1966 Tour of Kansas City

Tour of Kansas City 1965 and 1966

We haven’t found much information on the 2nd Tour of KC event in 1965. We do know that the first and second place winners were 19 year old John Potoschnik of Wichita, KS and 17 year old John Riddle of Saint Louis. In 1966 these two riders were 1st and 2nd again but that year, Riddle won the race with Potoschnik coming in just behind.

Here is an article from the Kansas City Times covering the 1966 edition of the event:

35-Mile Penn Valley Bike Race a Hard Run
by Hugh Hagius
(A Member of the Star’s Staff)

Around the bend, then a sharp corner, down the slope and uphill, uphill, uphill the racers  pedaled yesterday for 35 miles in Penn Valley park.

Incessantly a tight cluster of leaders jockeyed for position while the slower cyclists lagged and fell behind, first a lap and as many as seven by the time the race had finished.

An hour and 40 minutes after the start, John Riddle of St. Louis, 18 years old, who will be a premedical student this fall at St. Louis university, crossed the finish line after 33 trips around the track.

Last Year’s Winner Is No. 2

1966 Tour of Kc CyclingSeconds behind him was John Potoschnik, 20, of Wichita. Last year Potoschnik won and Riddle was second.

The course through the park described a double horseshoe. The 19 racers started by the tennis courts, wheeled behind the statue of the Indian Scout and took a hairpin curve at the B.M.A. building, plunging into Penn Valley. There they circled in the opposite direction, again making a horseshoe and puffing up to the top of the hill, where another hairpin curve brought them on the straightaway back to the tennis courts.

A motor car preceded them to mark which racers were in the van an which had been overtaken. The bicyclists wore jerseys and head protectors, and most rode machines with gear variations for 10 speeds.
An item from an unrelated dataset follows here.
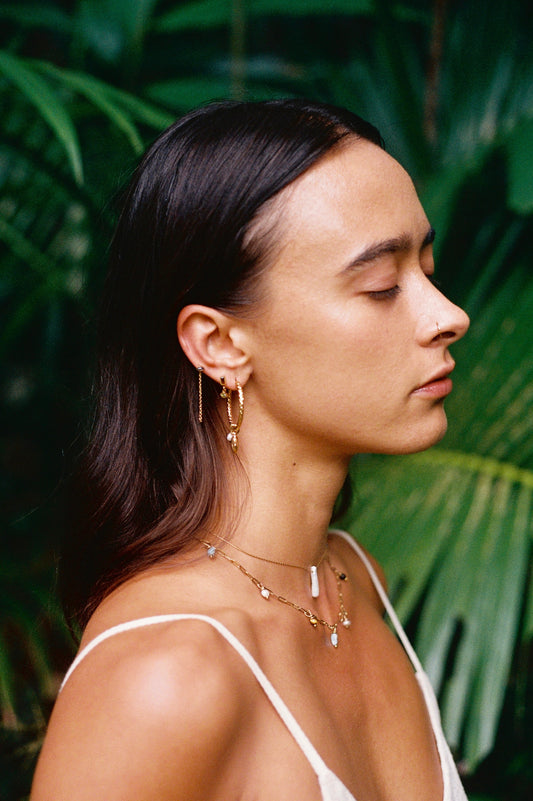 【Single Piece】True Eyes Chain Studs – Rose Garnet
A friend of one hot, weary contestant splashed water on him as he rounded the bend.

Easy for the Spectators

The routine of the spectators was much less taxing. About 75 were watching, many of them seated under a large shade tree. Small yellow and blue butterflies flitted over grass, and the Liberty Memorial carillon played tunes such as “Moon River” and “Beautiful Dreamer.”

The racers slowed almost to the carillon’s languid rhythm as they pushed upt he hill, but on the downslopes they reached speeds that forced the pacing car ahead  to round the sharp turns with squealing tires.

Among the spectators was Forrest G. Stith 4319 Roanoke parkway, a dedicated bicyclist at 68 years of age.

“I’m trying to promote cycling as the ideal sport for retired people,” he said. “I’ve averaged over 82 miles a month this summer since the first of May.”

Stitch took up cycling, he explained, while he was in the Air force, from which he retired as a lieutenant colonel in 1959. He bicycled in Washington, where he worked for the U.S. Office of Education before retiring (section missing) day,” he said, “but sometimes I skip a few days. IT’s a good sport for someone who wants to keep in shape. The ones who need it are the office workers. It’s an individual sport. You can go as many miles as you want to.”

At times, while the racers were out of sight elsewhere on the course, Colonel Stith mounted his bicycle and pedaled a few turns around the tennis courts.

The race yesterday was sponsored by the Heart of America Wheelmen with the co-operation of the recreation division of the city welfare department.

They also are planning an open house for cyclists at 7:30 0’clock the night of September 21 in the dining hall at Camp Lake of the Woods at Swope park. On September 25 cyclists will assemble at 2 0’clock at the boat house in Swope park for a ride.

Prizes for the Winners

The results of yesterday’s race are to be sent to the Amateur Bicycle League of America. The Day’s winners were awarded trophies and prizes by Councilman J.D. Robins, jr., whose son, David Robins, was a contestant.

The other contestants in the order they finished:

Raymond Henderson, St. Louis; Charles Fuqua, St. Louis; Dennis Scott, 6206 North Howard Gladstone; Joseph Becker, St. Louis; John Howard, Springfield, MO.; Leonard Piskarksi, St. Louis; David Robins, 724 Corbin terrace; Fred Preuss, 8907 Belleview; James Riddle, St. Louis; Howard Cummins, 5806 North Woodland, Gladstone; Don Dreiling, St. Louis; Mike Burtle, 5446 Roe, Roeland Park, and Henry Meyer, 325 West Forty-sixth.